The one event that stands out is a baby shower held for one of my best friends and his wife. I adore them both, and he's been a part of my life since the 7th grade. I entered the lavish apartment of the shower's hosts and was taken aback by the display on the dining room table: a three-tiered centerpiece of rolled up diapers stacked on end, adorned with blue ribbons; each tier replete with the knick-knackery of infant-dom (baby rattles, baby oil, baby powder, baby bells). "A diaper cake," a guest explained gleefully, as if it were nothing out of the ordinary. Jaw dropping would be an understatement. It's not so much that I had to bite my tongue, as squelch my vomit, so as to prevent it from projecting clear across the room, thus giving the diapers something to do that resembles their actual function.

Married men—the responsible ones, anyway—have no need for video games in their lives. Case in point, my friend Graham spent the first two years of his married life living in NYC while his wife was out on the West Coast earning her Master's degree. To bide his time, he played a lot of PlayStation.
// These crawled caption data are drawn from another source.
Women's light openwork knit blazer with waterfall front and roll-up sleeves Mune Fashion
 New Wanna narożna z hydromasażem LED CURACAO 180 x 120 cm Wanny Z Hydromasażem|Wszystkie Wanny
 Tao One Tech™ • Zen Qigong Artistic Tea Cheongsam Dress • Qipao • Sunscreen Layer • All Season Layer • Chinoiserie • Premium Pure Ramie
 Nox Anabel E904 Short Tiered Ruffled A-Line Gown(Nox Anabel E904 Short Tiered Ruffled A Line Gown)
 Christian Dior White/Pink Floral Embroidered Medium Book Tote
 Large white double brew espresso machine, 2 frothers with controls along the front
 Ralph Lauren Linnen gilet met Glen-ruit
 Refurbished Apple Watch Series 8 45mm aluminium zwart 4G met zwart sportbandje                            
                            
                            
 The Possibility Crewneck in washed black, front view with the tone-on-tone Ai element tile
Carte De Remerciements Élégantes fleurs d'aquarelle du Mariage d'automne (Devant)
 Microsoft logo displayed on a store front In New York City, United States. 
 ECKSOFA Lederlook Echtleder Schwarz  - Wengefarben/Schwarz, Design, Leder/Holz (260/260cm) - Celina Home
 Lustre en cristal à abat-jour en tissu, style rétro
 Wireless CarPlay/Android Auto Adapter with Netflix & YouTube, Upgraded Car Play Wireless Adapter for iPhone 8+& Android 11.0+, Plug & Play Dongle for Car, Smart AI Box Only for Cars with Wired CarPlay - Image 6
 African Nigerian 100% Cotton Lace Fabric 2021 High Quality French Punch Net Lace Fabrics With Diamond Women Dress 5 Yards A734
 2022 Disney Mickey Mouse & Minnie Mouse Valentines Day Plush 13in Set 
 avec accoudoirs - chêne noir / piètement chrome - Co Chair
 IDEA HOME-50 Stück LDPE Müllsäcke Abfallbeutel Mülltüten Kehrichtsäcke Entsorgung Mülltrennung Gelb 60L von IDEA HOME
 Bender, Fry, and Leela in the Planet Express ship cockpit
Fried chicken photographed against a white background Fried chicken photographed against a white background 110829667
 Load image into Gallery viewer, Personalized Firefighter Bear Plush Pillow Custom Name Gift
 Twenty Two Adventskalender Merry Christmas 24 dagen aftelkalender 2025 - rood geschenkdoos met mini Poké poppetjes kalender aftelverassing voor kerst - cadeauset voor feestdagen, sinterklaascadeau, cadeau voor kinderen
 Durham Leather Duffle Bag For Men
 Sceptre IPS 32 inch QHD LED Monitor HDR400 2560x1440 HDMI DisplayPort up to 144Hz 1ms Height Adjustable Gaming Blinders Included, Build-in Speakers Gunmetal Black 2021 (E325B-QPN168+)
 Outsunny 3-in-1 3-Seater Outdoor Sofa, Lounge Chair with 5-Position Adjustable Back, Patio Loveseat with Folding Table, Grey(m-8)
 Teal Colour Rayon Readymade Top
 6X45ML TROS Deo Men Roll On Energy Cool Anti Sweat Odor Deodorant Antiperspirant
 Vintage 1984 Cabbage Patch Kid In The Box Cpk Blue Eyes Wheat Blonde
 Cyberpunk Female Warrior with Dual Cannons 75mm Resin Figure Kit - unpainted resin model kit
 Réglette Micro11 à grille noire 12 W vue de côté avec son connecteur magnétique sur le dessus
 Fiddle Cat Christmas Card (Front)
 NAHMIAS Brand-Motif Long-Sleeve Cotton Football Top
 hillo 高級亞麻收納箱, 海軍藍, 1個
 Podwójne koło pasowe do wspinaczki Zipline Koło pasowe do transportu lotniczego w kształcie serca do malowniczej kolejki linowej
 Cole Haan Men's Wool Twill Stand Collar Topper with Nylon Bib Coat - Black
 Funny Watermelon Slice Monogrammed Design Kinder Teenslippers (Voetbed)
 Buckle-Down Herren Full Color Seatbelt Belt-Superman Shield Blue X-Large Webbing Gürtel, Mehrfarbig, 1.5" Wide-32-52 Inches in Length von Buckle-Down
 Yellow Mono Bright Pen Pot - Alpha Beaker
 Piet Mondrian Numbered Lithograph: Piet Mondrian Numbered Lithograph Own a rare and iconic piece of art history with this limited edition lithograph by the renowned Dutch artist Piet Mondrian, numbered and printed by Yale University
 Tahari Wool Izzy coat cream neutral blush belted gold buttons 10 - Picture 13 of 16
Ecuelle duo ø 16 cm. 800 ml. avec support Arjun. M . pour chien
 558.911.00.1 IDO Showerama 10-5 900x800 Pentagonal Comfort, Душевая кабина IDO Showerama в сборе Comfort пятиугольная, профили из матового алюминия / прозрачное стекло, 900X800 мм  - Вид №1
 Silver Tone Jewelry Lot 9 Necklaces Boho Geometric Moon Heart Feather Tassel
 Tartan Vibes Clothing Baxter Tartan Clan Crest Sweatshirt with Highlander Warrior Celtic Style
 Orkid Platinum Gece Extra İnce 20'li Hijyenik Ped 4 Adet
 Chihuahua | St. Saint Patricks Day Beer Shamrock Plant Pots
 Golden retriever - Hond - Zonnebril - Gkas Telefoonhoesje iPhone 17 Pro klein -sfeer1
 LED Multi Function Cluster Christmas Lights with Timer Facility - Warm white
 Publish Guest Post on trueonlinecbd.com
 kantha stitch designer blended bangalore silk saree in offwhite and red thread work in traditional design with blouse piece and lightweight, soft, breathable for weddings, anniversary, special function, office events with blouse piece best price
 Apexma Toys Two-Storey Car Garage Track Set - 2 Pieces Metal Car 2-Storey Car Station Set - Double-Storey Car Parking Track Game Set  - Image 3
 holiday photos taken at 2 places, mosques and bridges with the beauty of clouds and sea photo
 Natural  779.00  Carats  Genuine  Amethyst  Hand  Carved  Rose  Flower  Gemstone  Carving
The week before his wife returned, Graham and I met out for a few beers, and he presented me with his console and a whole slew of games, gratis. It was like something out of a sitcom, or a grueling Kate Hudson-Matthew McConaughey romantic comedy: Married man proffers up last physical vestige of freedom to wayward bachelor buddy. They get a touch misty-eyed; realizing the end of an era is upon them. There's boisterous laughter and a couple of shoulder punches to snap each other out of being overcome by the percolating emotion. Rough, one-armed hugs, whiskey shots. Cue laugh track, cue Executive Producer credit, and . . . scene.

There was at least $400 worth of electronic booty in that bag. Why wouldn't he just sell it? At first, part of me was a touch offended. It was like Graham was saying, "Here, you're a bachelor. Play this. That's what you guys do. Lord knows that's what I would do." The offense wasn't merited, as when I returned home, I set up the console and began a relationship with Tony Hawk's Pro Skater 4 that lasted several years.